#### Exercise:
Below is a set of entries. Print the line that contains "A good quality" and every later line word for word, through the final one.

[Records contained in a dataset]
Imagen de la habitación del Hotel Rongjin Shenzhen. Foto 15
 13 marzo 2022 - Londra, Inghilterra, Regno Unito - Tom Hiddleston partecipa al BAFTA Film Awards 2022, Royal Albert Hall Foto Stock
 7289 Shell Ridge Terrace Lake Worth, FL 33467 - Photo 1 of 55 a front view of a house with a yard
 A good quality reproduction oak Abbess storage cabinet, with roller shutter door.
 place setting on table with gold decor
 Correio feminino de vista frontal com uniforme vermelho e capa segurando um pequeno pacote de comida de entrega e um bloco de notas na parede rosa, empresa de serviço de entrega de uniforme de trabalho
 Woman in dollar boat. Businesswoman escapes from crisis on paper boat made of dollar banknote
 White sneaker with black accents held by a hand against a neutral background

#### Answer to this task:
 A good quality reproduction oak Abbess storage cabinet, with roller shutter door.
 place setting on table with gold decor
 Correio feminino de vista frontal com uniforme vermelho e capa segurando um pequeno pacote de comida de entrega e um bloco de notas na parede rosa, empresa de serviço de entrega de uniforme de trabalho
 Woman in dollar boat. Businesswoman escapes from crisis on paper boat made of dollar banknote
 White sneaker with black accents held by a hand against a neutral background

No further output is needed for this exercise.